Looking at the parcours, the strongest climber will win. Being relatively better at steeper and shorter climbs is an advantage. The tt will be all about who's got the most energy left.
I don't really know how the Olympics will affect this, however. It makes me think doing that double will be even harder. There are 26 days between the End of the Tour and the start of the Vuelta. This was also the case in 2012. However, in 2012, the Olympics started the weekend after the Tour. This year, there's an additional week between the Tour, and the start of the Olympics, so the road race is square in the middle between Tour and Vuelta.
We don't really have reference to how this affects a double attempt. Froome tried in 2012, started in a little bit less form than in the Tour, and then completely ran out of gas in the third week. This is the only reference we have.
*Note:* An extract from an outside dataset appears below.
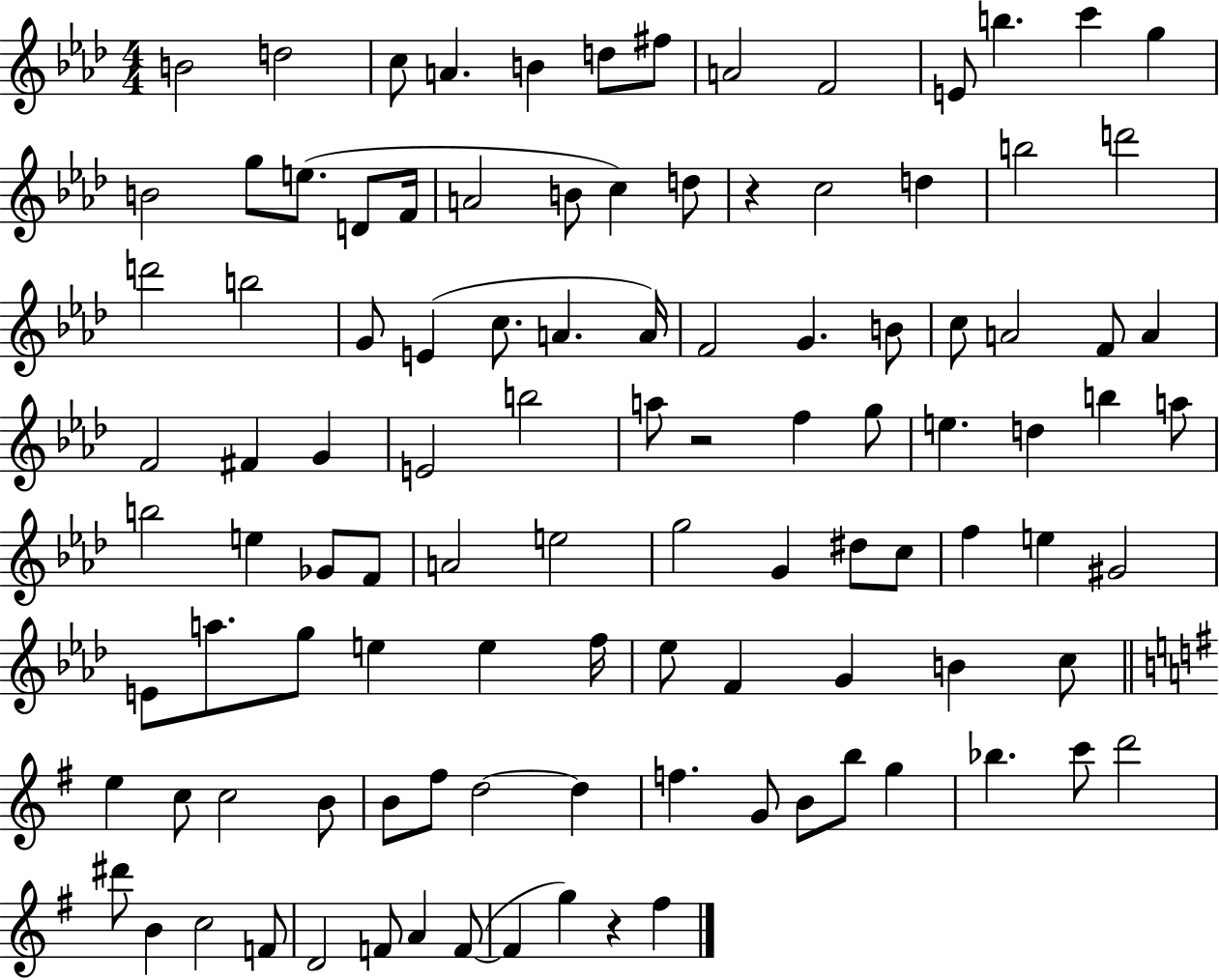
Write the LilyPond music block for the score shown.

Some factors are completely different however.
- Preperations for doing all these races are likely more specific
- Peak in Tour will be later
- They'll likely go deeper than in Froome did in 2012
- More travel, possible jet lag
- Different early season, Froome didn't do much in the spring, but then in 2012 he did even less. Same goes for Purito for example. Quintana raced quite hard in the spring.
- I'm probably missing some stuff as well.
Al in all, this 10 week period will be super hard on those riders. They'll have to their peak in the 3rd week of those 10 weeks, and then hold it throughout the recuperation period between the GTs to compete in the Olympics, all the way to the end of the third week if they want to possibly win the Vuelta as well.
If you then look at what Contador has to do for the Vuelta, it's rest and recover > train > race prep race > train > go to Vuelta. Unless the likes of Chaves, Superman, or Kruijswijk reach a level we haven't seen of them before, Contador has to be the favourite, assuming he won't ride the Olympics. If it goes well, I'd say 2-3 stage wins.